At Ten Ten, Riley has been serving a variation on a 'beermosa,' a beer-accented mimosa, at brunch for over a year, a drink he first saw in Chicago. His uses Allagash White, a Belgian-style beer, as well as orange bitters and orange juice.

He's been rotating beer cocktails since then. Instead of making beer the cocktail's signature element, Riley prefers to use it as an extender. His Stillwater Cup — several spirits mixed with a muddle of cucumber and mint and topped by Stillwater Cellar Door Saison – "tries to mirror Stillwater's herbaceousness," he says. The bitters add nuance to the cocktail, and cut the sweetness of the ginger liqueur and the simple syrup. And the juices from the mint and the cucumbers make it remarkably refreshing.

Dorr's first beer cocktail at B&O was called the Boxcar and was a play on a Snakebite, a traditional half-beer and half-cider mixed drink. His version featured Allspice Dram liqueur, organic hard cider and a nut brown ale.

The combination of beer and liquor made sense because beers are now made using an increasingly vast list of yeast strains, spices and herbs, which leads to more variety in flavor, Dorr says.

"Herbal notes, sweet notes, candied fruit notes — a lot of the flavor profiles are very similar [to those in liquor]," he says. For instance, an India pale ale and a tequila share a herb taste, and so the two complement each other.

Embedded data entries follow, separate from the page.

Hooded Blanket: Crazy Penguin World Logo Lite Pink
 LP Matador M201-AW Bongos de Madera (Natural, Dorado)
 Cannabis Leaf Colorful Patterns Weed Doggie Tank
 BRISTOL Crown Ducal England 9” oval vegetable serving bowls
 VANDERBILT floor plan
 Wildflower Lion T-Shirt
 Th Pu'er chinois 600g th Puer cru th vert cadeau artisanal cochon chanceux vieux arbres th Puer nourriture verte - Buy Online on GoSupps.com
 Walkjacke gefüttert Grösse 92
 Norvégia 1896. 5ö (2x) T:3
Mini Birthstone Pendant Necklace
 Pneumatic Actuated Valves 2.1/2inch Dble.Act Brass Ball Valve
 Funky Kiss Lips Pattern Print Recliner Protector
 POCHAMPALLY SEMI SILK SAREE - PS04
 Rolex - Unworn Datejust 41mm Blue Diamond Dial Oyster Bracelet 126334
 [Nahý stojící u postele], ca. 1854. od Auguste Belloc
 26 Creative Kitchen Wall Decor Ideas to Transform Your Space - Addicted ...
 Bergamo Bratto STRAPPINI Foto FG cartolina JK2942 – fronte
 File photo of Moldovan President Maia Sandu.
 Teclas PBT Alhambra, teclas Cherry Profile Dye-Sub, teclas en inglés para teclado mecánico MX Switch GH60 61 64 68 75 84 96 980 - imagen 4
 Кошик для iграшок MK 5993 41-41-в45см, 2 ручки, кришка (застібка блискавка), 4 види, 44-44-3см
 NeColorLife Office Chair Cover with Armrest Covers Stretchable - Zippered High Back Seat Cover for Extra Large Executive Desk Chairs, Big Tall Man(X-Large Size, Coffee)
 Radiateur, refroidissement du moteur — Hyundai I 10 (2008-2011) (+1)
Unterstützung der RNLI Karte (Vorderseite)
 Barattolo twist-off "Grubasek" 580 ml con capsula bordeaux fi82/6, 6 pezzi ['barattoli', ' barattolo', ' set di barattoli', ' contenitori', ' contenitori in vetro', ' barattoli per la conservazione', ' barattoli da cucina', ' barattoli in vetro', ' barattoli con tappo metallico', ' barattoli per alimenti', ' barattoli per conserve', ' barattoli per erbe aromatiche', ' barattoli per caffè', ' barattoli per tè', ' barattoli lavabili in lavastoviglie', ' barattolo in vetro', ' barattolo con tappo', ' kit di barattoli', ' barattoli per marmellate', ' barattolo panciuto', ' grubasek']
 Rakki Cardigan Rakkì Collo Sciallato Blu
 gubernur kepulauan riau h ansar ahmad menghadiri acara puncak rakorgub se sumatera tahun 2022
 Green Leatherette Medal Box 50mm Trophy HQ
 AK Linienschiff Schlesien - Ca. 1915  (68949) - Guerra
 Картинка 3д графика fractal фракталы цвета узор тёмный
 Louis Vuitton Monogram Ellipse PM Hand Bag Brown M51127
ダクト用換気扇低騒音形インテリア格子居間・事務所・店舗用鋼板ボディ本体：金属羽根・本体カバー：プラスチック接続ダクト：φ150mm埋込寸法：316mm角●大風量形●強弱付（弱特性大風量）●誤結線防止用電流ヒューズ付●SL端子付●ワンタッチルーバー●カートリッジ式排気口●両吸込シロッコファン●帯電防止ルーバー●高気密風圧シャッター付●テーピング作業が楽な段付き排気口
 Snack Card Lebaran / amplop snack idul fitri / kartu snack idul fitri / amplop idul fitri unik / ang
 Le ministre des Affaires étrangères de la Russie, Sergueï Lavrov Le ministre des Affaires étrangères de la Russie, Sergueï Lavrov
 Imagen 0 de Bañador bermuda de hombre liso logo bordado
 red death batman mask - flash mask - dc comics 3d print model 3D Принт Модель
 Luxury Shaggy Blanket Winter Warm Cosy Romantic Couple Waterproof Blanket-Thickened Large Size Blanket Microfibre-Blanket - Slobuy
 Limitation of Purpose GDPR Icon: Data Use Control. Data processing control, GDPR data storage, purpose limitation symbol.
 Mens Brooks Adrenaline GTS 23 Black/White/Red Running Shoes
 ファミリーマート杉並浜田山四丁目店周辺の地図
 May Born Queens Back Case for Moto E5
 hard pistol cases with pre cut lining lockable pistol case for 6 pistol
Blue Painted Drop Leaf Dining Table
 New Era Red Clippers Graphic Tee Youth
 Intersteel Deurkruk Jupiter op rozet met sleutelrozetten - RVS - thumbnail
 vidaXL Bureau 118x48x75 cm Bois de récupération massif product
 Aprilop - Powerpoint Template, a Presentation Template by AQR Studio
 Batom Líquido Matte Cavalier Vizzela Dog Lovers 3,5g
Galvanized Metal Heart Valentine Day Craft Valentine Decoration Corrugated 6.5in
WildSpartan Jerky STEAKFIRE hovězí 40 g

That kinship was the basis of Dorr's latest cocktail, the Trainwreck — made up of aged tequila; Hum, a botanical spirit; and orange juice, shaken and topped with six ounces of Guinness.

"I was just playing around with the most bizarre combination I could imagine," he says. "Hum has cardamom, which has a lot of spice, and tequila plays nicely off it."